**Short web captions:**
►
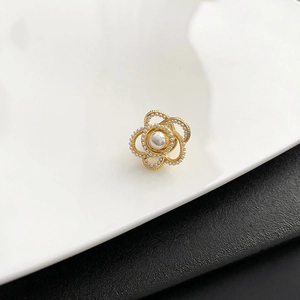Broche camélia dorée élégante avec perles sur plateau blanc pour décor de costume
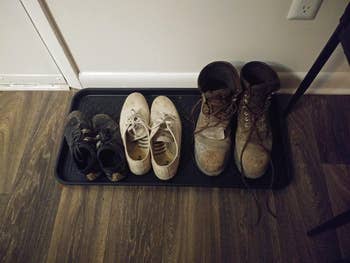 reviewer image of the boot tray with three different pairs of shoes in it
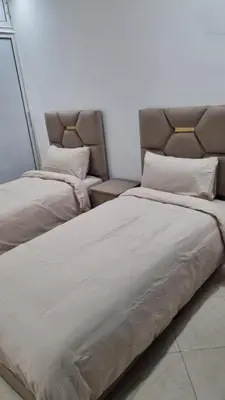 two beds sitting next to each other in a room at Appartement moderne Temara à 10 minutes de Rabat in Temara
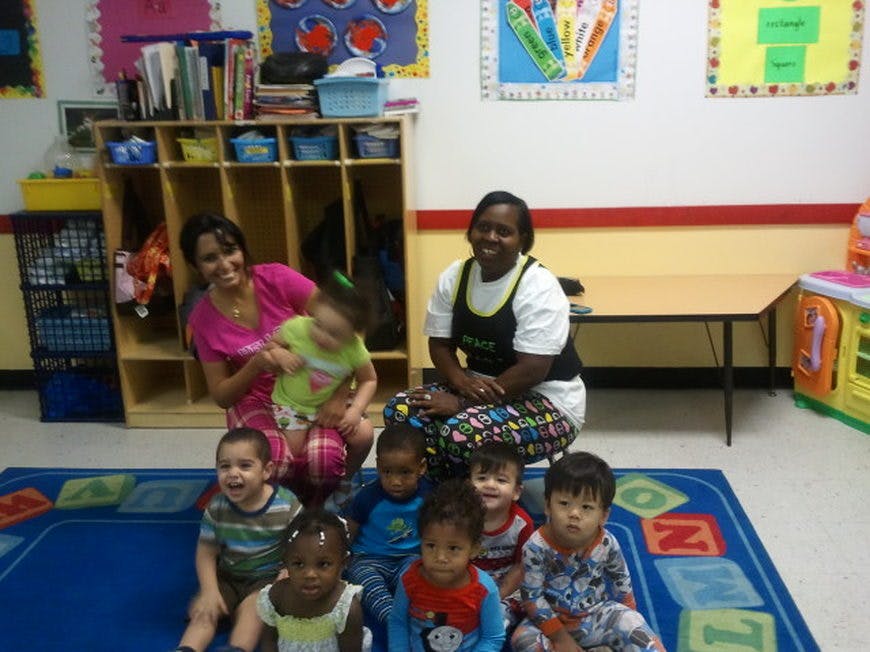 Two adults and several children sitting on a rug in a classroom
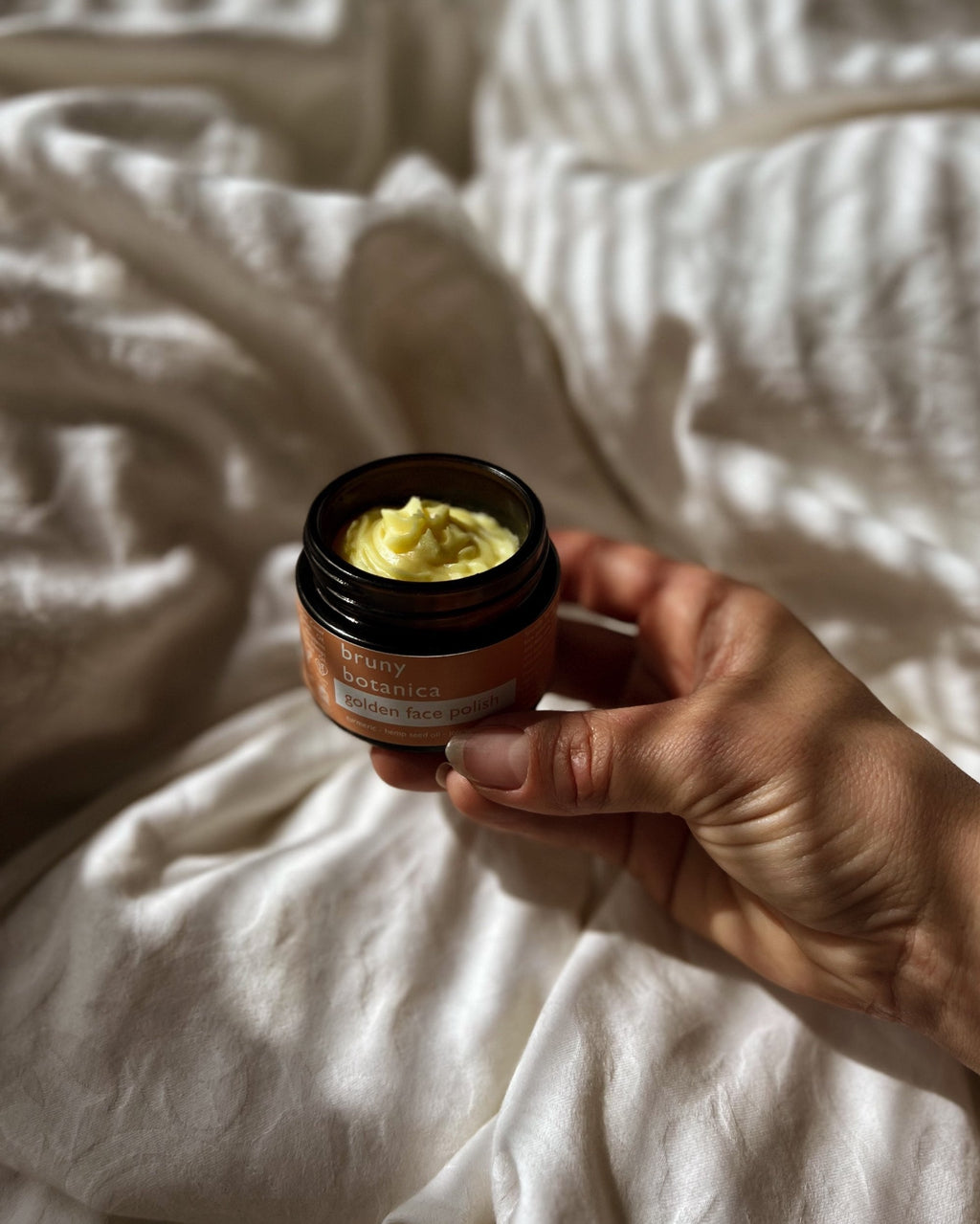 Hand holding a jar of Golden Face Polish on a textured white surface
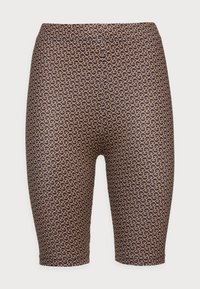 Bicycle shorts in a stretchy fabric with a brown and beige interlocking pattern. Mid-thigh length with a smooth texture and an elastic waistband.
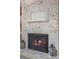 Elegant fireplace with stone surround, decorative ironwork, and classic design elements at 1254 Mardrake Rd, Daytona Beach, FL 32114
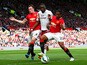 Christian Benteke of Aston Villa battles for the ball with Luis Antonio Valencia and Phil Jones of Manchester United during the Barclays Premier League match between Manchester United and Aston Villa at Old Trafford on April 4, 2015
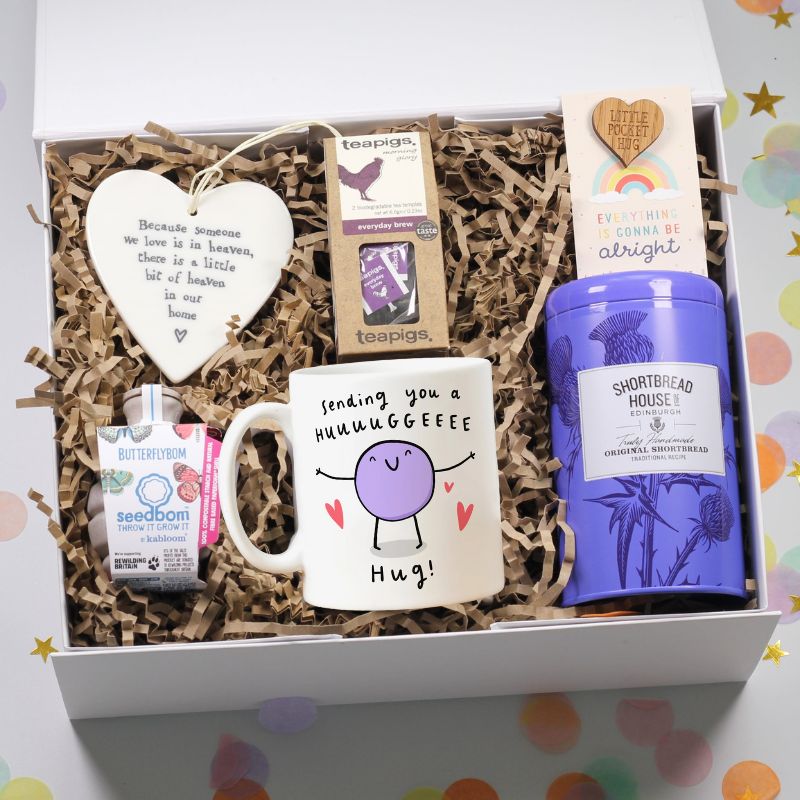 Gift box with a mug, bereavement heart ceramic plaque, tea, shortbread biscuits, butterfly seedbom and pocket token.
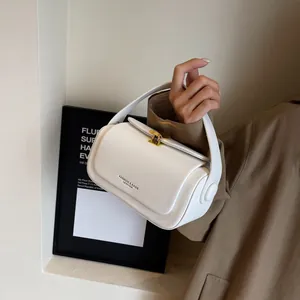 Minimalist white leather square handbag with golden clasp and fashion lettering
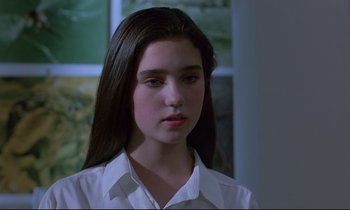 Movie still from “Phenomena” (1985), directed by Dario Argento – A young woman with long hair wearing a white shirt; Close Up shot, High angle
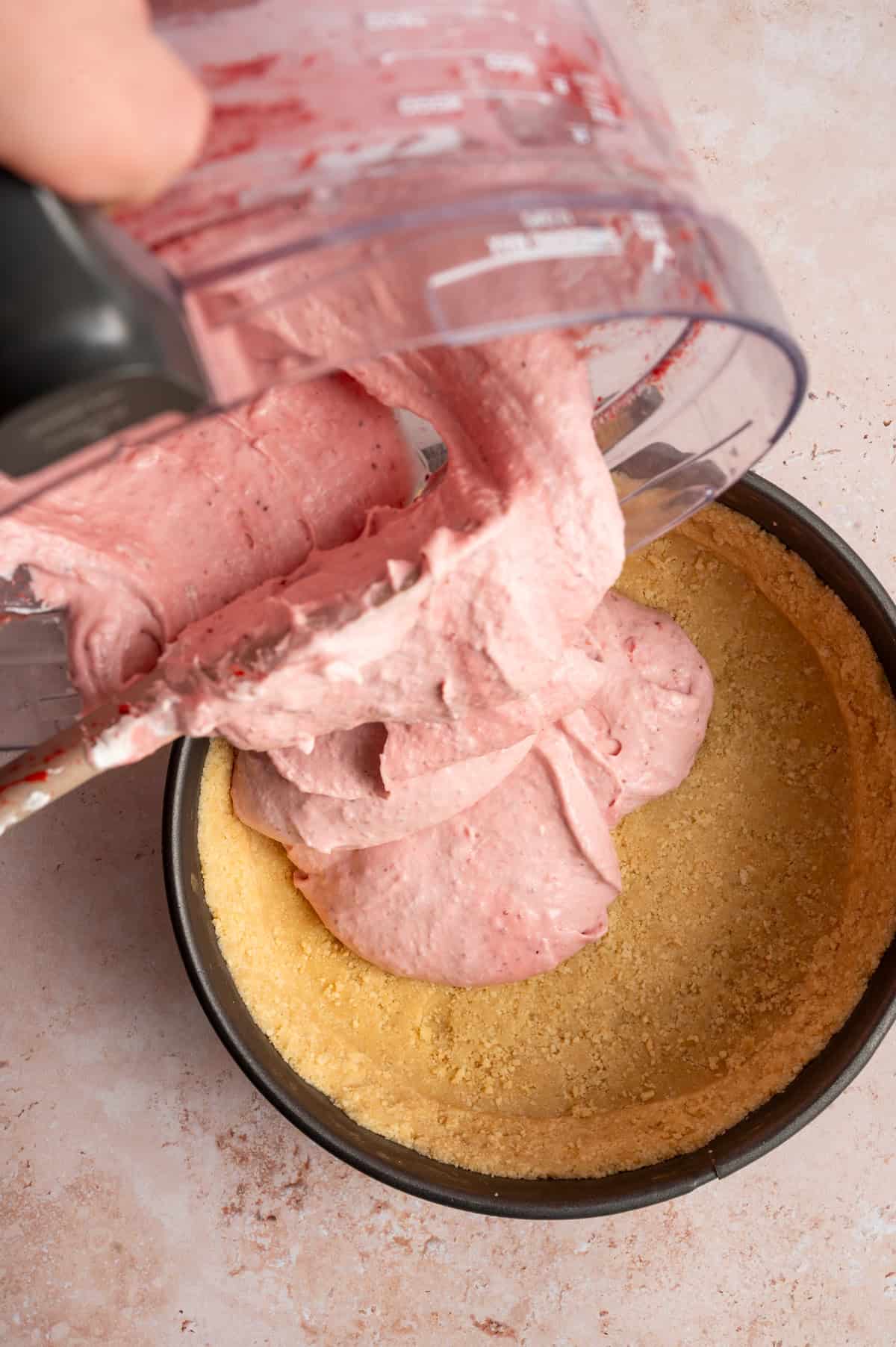 no bake cheesecake batter pouring into pan.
◄
**GOAL OF THE EXERCISE:**
Skip the pictures. Return exactly the lines from the one containing "Gift box with" through the end of the data above, both included, and nothing besides.

**ANSWER SPACE:**
 Gift box with a mug, bereavement heart ceramic plaque, tea, shortbread biscuits, butterfly seedbom and pocket token.
 Minimalist white leather square handbag with golden clasp and fashion lettering
 Movie still from “Phenomena” (1985), directed by Dario Argento – A young woman with long hair wearing a white shirt; Close Up shot, High angle
 no bake cheesecake batter pouring into pan.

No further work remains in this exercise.